This seminar investigates the principles, ethics, and practices that constitute a range of methods used to conduct feminist research. The course has several aims. Throughout, we shall examine the conceptual, epistemological, and political underpinnings of different feminist methods. Emphasis will be placed on distinguishing feminist research methods, that is, those committed to examining and potentially transforming social inequalities that oppress women and other subordinate groups from those methods and epistemologies committed (whether explicitly or implicitly) to maintaining the status quo. The course will expose you a range of perspectives within feminist critiques of science and social science as well as a number of potential ways of designing feminist research in order to suit particular kinds of research problems, questions, and projects.

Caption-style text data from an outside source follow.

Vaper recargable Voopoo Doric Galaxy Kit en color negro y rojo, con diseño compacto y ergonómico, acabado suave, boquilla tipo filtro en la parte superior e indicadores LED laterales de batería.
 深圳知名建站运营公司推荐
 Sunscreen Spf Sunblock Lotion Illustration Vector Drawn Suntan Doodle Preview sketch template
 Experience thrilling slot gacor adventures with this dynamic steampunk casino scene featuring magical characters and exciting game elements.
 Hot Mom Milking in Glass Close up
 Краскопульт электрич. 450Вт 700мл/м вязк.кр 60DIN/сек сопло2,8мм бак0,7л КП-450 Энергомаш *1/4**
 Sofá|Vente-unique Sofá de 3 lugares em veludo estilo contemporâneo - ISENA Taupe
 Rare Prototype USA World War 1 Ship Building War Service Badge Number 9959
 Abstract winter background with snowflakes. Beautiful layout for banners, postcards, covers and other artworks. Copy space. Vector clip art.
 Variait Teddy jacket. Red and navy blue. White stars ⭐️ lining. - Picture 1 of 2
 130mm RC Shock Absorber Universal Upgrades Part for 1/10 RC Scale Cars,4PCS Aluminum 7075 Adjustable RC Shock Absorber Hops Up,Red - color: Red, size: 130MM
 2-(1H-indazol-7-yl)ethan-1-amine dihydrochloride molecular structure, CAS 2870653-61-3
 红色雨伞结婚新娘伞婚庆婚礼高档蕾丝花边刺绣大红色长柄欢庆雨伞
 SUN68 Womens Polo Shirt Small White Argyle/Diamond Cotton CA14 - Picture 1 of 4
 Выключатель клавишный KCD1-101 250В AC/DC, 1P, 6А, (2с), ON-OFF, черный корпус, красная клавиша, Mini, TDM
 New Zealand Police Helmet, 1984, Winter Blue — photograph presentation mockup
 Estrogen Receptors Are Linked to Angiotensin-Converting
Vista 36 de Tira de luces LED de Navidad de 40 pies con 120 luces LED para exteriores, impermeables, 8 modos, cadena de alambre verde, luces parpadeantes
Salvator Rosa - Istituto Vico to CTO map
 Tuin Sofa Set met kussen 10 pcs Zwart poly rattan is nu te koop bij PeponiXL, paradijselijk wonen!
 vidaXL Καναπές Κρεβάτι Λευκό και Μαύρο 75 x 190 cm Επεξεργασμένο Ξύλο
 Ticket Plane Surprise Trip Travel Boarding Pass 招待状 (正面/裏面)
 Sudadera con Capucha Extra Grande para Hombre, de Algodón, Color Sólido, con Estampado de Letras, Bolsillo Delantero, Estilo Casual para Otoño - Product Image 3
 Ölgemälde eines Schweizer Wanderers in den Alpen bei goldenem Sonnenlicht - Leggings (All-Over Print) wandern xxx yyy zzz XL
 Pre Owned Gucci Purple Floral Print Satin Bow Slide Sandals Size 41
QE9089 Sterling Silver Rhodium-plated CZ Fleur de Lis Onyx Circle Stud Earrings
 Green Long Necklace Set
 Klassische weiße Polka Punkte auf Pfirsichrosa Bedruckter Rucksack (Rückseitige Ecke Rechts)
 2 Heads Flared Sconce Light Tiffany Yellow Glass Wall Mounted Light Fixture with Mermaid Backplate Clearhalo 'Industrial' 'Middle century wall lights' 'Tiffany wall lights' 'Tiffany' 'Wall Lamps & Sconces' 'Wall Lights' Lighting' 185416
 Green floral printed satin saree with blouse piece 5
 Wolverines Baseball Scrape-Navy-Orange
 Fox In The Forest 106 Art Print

The course exposes students to the tenets of both logical positivism and naturalism, which maintain that value-and theory-neutrality in research are desirable and tenable stances for researchers in all stages of research. Feminist critiques of and alternatives to positivism will be discussed. The goal will be to ask what is at stake in developing alternatives to positivistic and naturalistic methods of research. A central aim of the course is to inspire you to think critically about how researchers produce socially and politically interested texts that are as much about `cultural selves' located within particular power relations as they are about `cultural others.'
We will discuss whose interests are served by particular research projects and methods. These issues are inseparable from the practical ones of choosing a research problem, developing a research design suitable to the problem/project, grappling with different kinds of data (including interview and participant observation data or data collected through action or participatory research) and problems of analysis. Dilemmas such as deciding whether to "study up" or "down" in the power structure, how we obtain informed consent from those we research, deciding to whom we are accountable in the report of research at various stages, and for/with whom we speak and write will be discussed.
The course will be run as a workshop, combining lectures, occasional films and/or guest speakers with student led critiques and discussions of the readings. Introduction to rudimentary field work skills such as observation, participant observation, open-ended interviewing, learning to critique one or more kinds of research reports, including survey, experimental and qualitative/interpretive research will be among the practical skills gained in the course. The course will concentrate much more on qualitative/interpretive research than on survey or experimental research since this is the expertise of the instructor and the basis for much of the current work within feminist epistemology and methodologies.
While some attention will be paid to introducing students to field work, there will not be enough time for students to develop full-blown research projects and carry them through to conclusion. Rather, the course is designed to whet your appetite to the complexities of feminist research practice and the inter-relations among questions of ethics, methods, and the politics of power relations in research.